Top of Exercise data

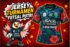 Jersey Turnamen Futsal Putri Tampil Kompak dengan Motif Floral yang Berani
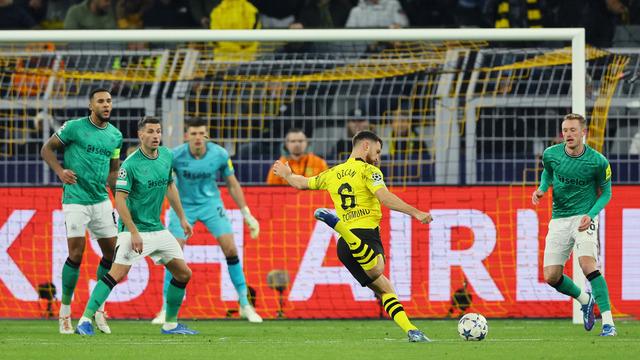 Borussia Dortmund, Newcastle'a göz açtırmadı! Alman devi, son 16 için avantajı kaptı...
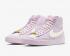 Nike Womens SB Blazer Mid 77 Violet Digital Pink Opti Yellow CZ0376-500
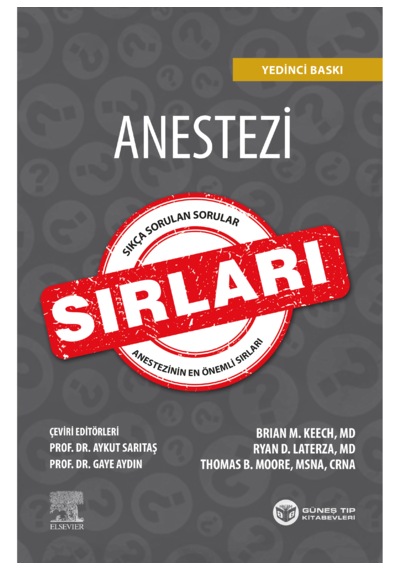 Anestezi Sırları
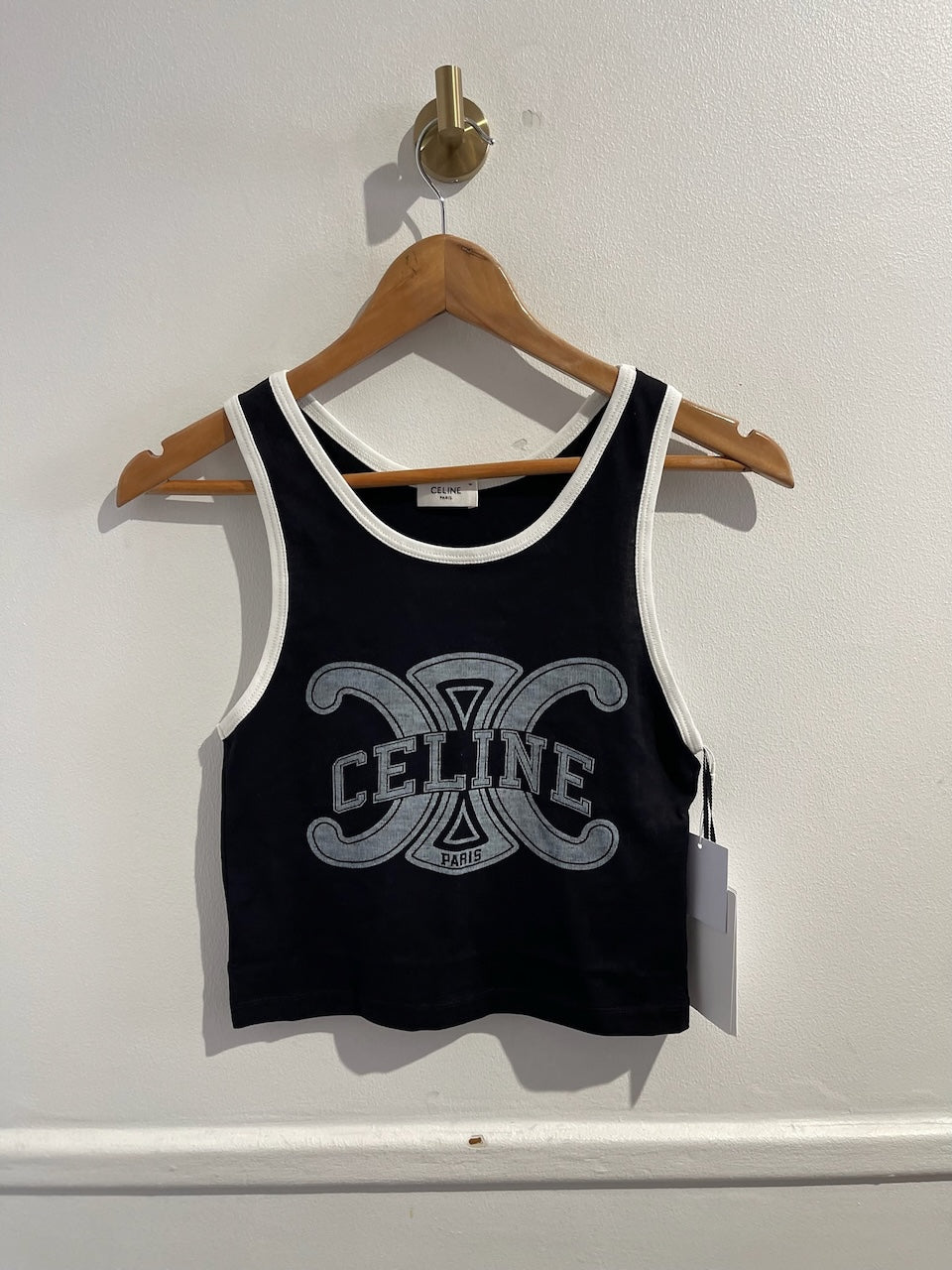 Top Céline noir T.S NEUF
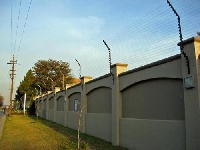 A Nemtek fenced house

Bottom of Exercise data

**Aim of the exercise**
Please write out all the data word for word, but keep every picture out.

**Answer to this task**
 Jersey Turnamen Futsal Putri Tampil Kompak dengan Motif Floral yang Berani
 Borussia Dortmund, Newcastle'a göz açtırmadı! Alman devi, son 16 için avantajı kaptı...
 Nike Womens SB Blazer Mid 77 Violet Digital Pink Opti Yellow CZ0376-500
 Anestezi Sırları
 Top Céline noir T.S NEUF
 A Nemtek fenced house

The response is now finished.